Next came the Mumbai attacks, a strategic counter-move by militants in response to the American plan which has succeeded, in the short term at least, in increasing tensions between the neighbours at the expense of Pakistan's commitment to Fata.
Whatever the final implications of Mumbai, Petraeus is likely to find that the fundamental stumbling block to his plan lies in Pakistan's perceptions of Western involvement in Afghanistan. Pakistani generals are convinced, based on historical precedent, that the presence of foreign troops there will be transient.

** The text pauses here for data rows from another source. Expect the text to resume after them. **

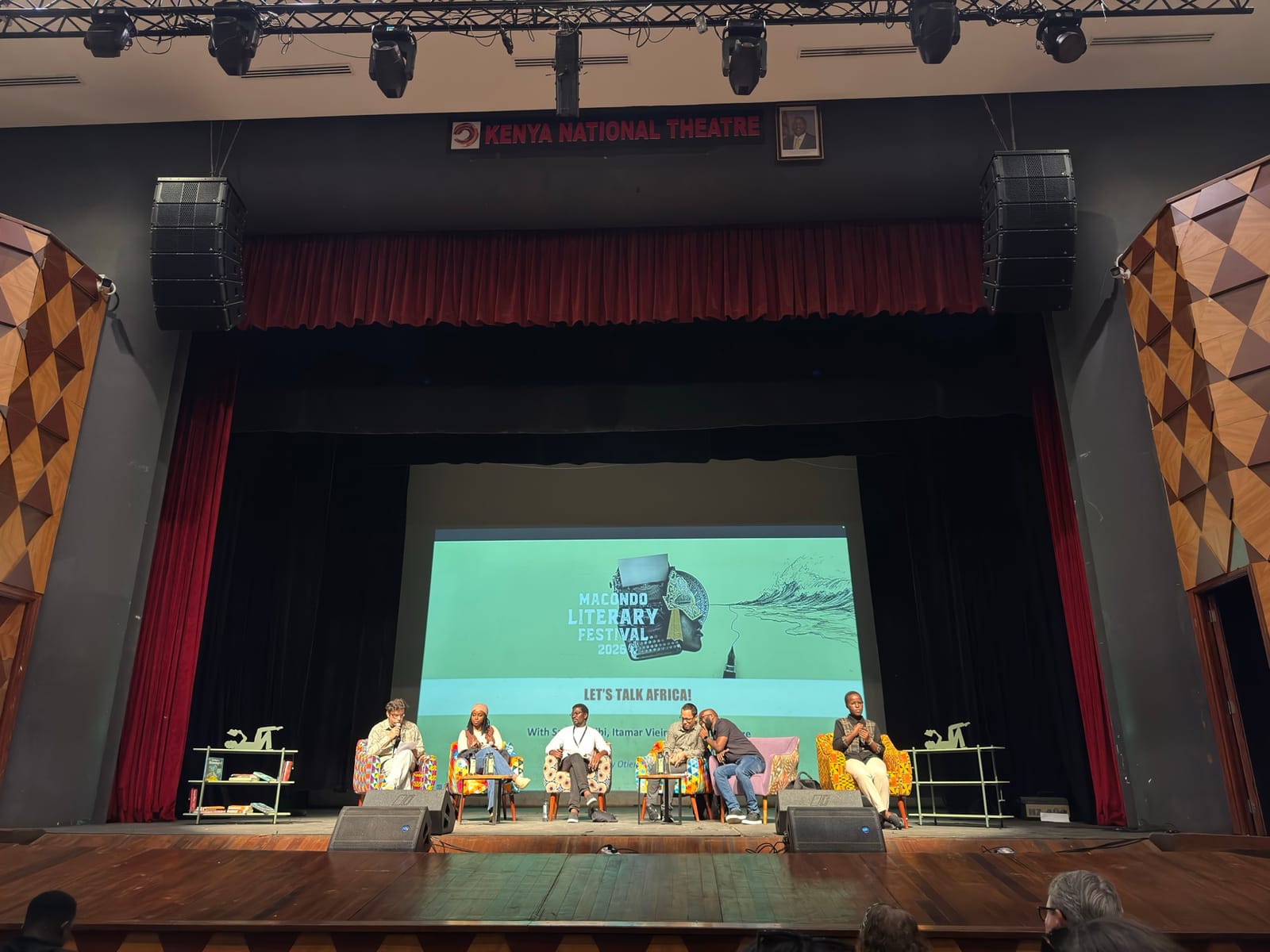 The main stage of the Kenya National Theatre in Nairobi during the Macondo Literary Festival (file photo, September 2026).
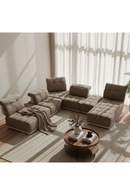 Brown Tufted Modular Sectional Sofa | OROA Modern Ekron | Oroatrade.com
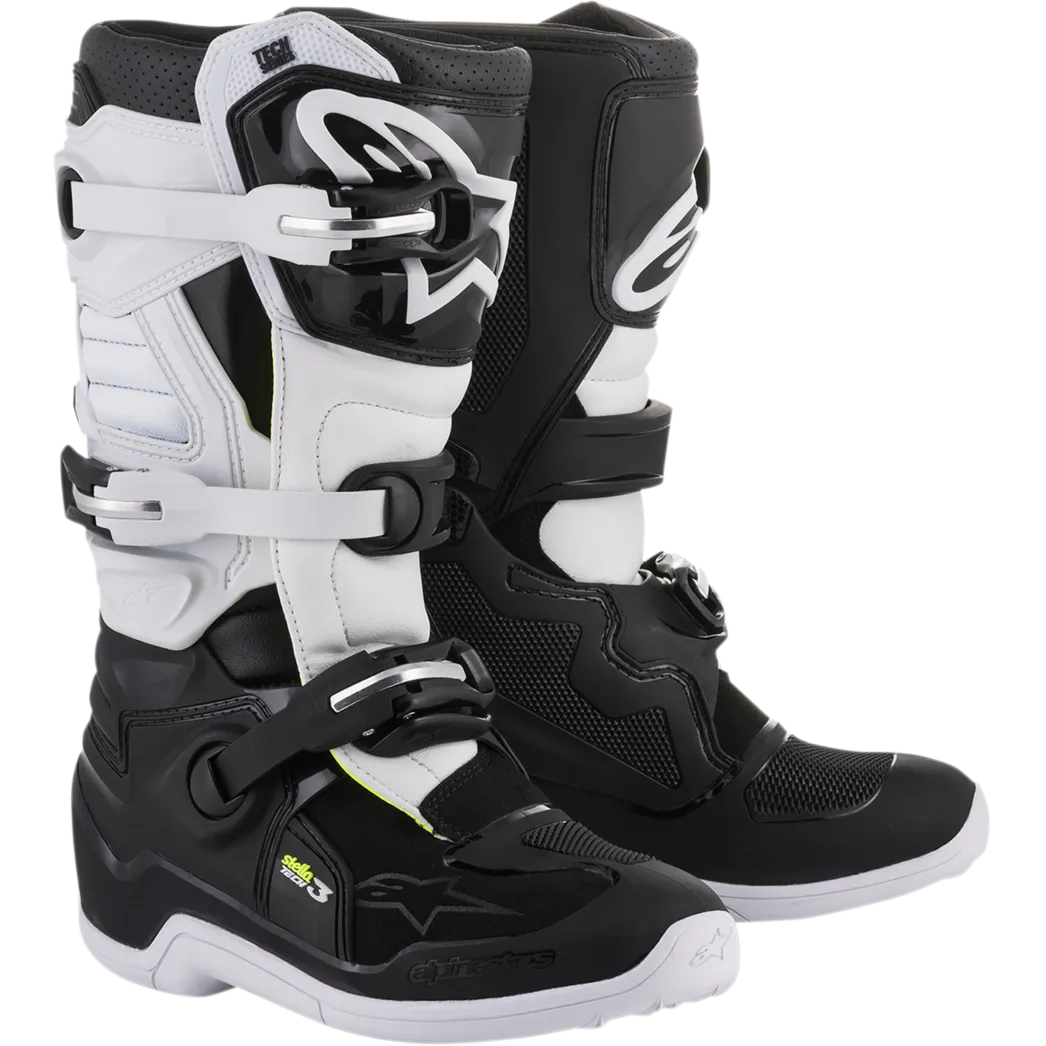 ALPINESTARS BOOT 4W TECH 3 BK/WT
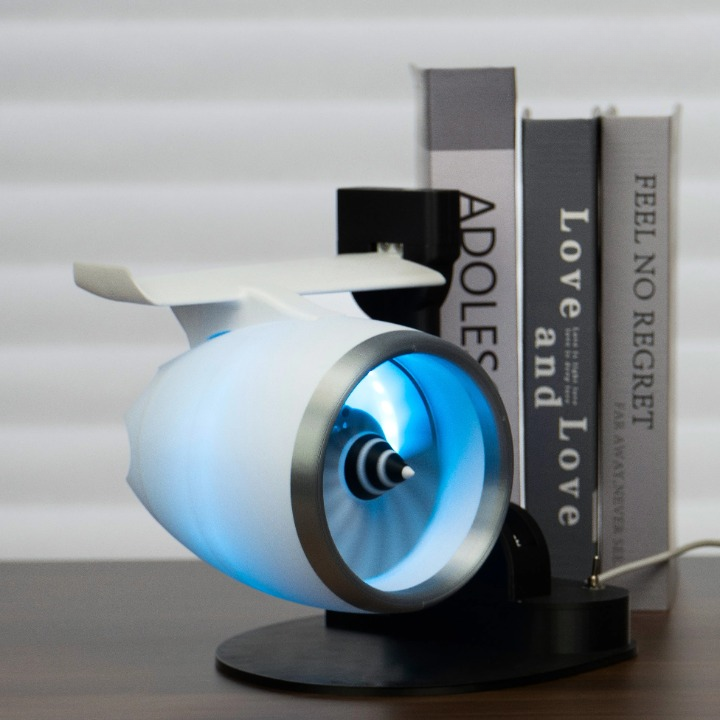 Moktan Sabai Cool Mist Humidifier with RGB Light Turbo Fan Design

They regard the vacuum left by the West's inevitable withdrawal from Afghanistan as a vital arena in which to jockey with India, a country as key to the Pakistani military psyche as the Turks are to the Serbs and the Israelis to the Palestinians.
This fear, comprehensive enough in a country that has largely defined itself through its enmity with India, causes Pakistan's military to cling to its concept of Afghanistan as a place of "strategic depth" for its long-term interests, hence past overt support of the Taliban, among others, and the lingering accusations that elements of the ISI continue to support some militant groups as a safeguard for the future.
In Peshawar, I met a former Guantánamo inmate who insisted that during interrogation by the ISI after his arrest in 2001 he had been given a simple choice by his captors.
"They told me ‘Go to fight in Afghanistan or we will hand you over to the Americans'," the man reported. "I met many other prisoners who were given the same option." He had balked at joining the new wave of Taliban insurgents in Afghanistan so was handed to the CIA and sent to Guantánamo.